The 'word' parameter should be a single Hebrew word, in the iso8859-8 encoding, possibly containing the
ASCII quote or double-quote characters (signifying the geresh and gershayim used in Hebrew for
abbreviations, acronyms, and a few foreign sounds). If the calling programs works with other encodings,
it must convert the word to iso8859-8 first. In particular cp1255 (the MS-Windows Hebrew encoding)
extensions to iso8859-8 like niqqud characters, geresh or gershayim, are currently not recognized and
must be removed from the word prior to calling hspell_check_word().
Into the 'preflen' parameter, the function writes back the number of characters it recognized as a prefix
particle - the rest of the 'word' is a stand-alone word.

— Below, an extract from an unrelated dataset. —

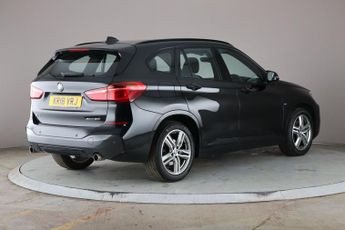 BMW X1 2.0 20i M Sport xDrive (192 ps) - SEATS - SLIDING REAR BENCH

Because Hebrew words typically can be read in
several different ways, this feature (of getting just one prefix from one possible reading) is usually
not very useful, and it is likely to be removed in a future version.
The hspell_enum_splits() function provides a way to get all possible splitting of the given 'word' into
an optional prefix particle and a stand-alone word. For each possible (and legal, as some words cannot
accept certain prefixes) split, a user-defined callback function is called. This callback function is
given the whole word, the length of the prefix, the stand-alone word, and a bitfield which describes what
types of words this prefix can get. Note that in some cases, a word beginning with the letter waw gets
this waw doubled before a prefix, so sometimes strlen(word)!=strlen(baseword)+preflen.

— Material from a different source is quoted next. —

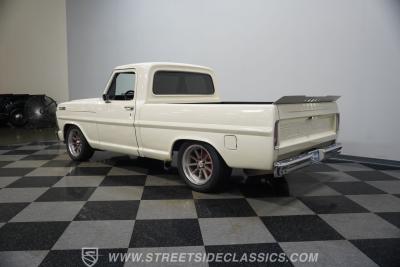 1967 Ford F-100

The hspell_trycorrect() tries to find a list of possible corrections for an incorrect word. Because in
Hebrew the word density is high (a random string of letters, especially if short, has a high probability
of being a correct word), this function attempts to try corrections based on the assumption of a spelling
error (replacement of letters that sound alike, missing or spurious immot qri'a), not typo (slipped
finger on the keyboard, etc.) - see also CAVEATS.

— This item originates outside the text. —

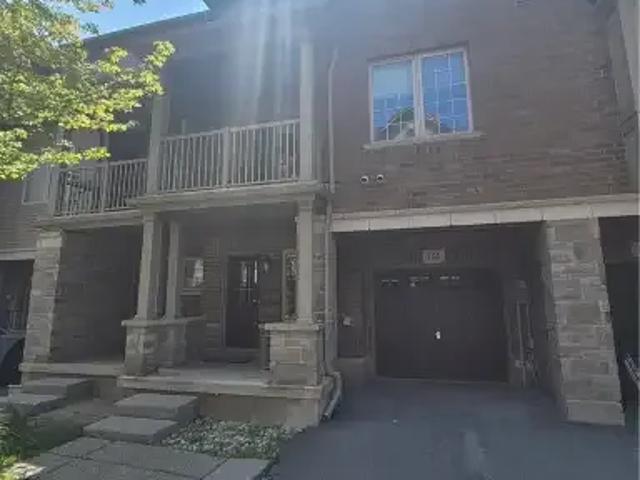 2 Bedroom Townhouse Burlington ON 104471207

hspell_trycorrect() returns the correction list into a structure of type structcorlist. This structure
must be first allocated with a call to corlist_init() and subsequently freed with corlist_free(). The
corlist_n() macro returns the number of words held in an allocated corlist, and corlist_str() returns the
i'th word. Accordingly, here is an example usage of hspell_trycorrect():
struct corlist cl;
printf ("Found misspelled word %s. Possible corrections:\n", w);
corlist_init (&cl);
hspell_trycorrect (dict, w, &cl);
for (i=0; i<corlist_n(&cl); i++) {
printf ("%s\n", corlist_str(&cl, i));
}
The hspell_is_canonic_gimatria() function checks whether the given word is a canonic gimatria - i.e., the
proper way to write in gimatria the number it represents. The caller might want to accept canonic
gimatria as proper Hebrew words, even if hspell_check_word() previously reported such word to be a non-
existent word. hspell_is_canonic_gimatria() returns the number represented as gimatria in 'word' if it
is indeed proper gimatria (in canonic form), or 0 otherwise.
hspell_init() normally reads the dictionary files from a path compiled into the library. This makes sense
when the library's code and the dictionaries are distributed together, but in some scenarios the library
user might want to use the Hspell dictionaries that are already present on the system in an arbitrary
path. The function hspell_set_dictionary_path() can be used to set this path, and should be used before
calling hspell_init(). The given path is that of the word list, and other input files have that path
with an appended prefix. hspell_get_dictionary_path() can be used to find the current path. On many
installations, this defaults to "/usr/local/share/hspell/hebrew.wgz".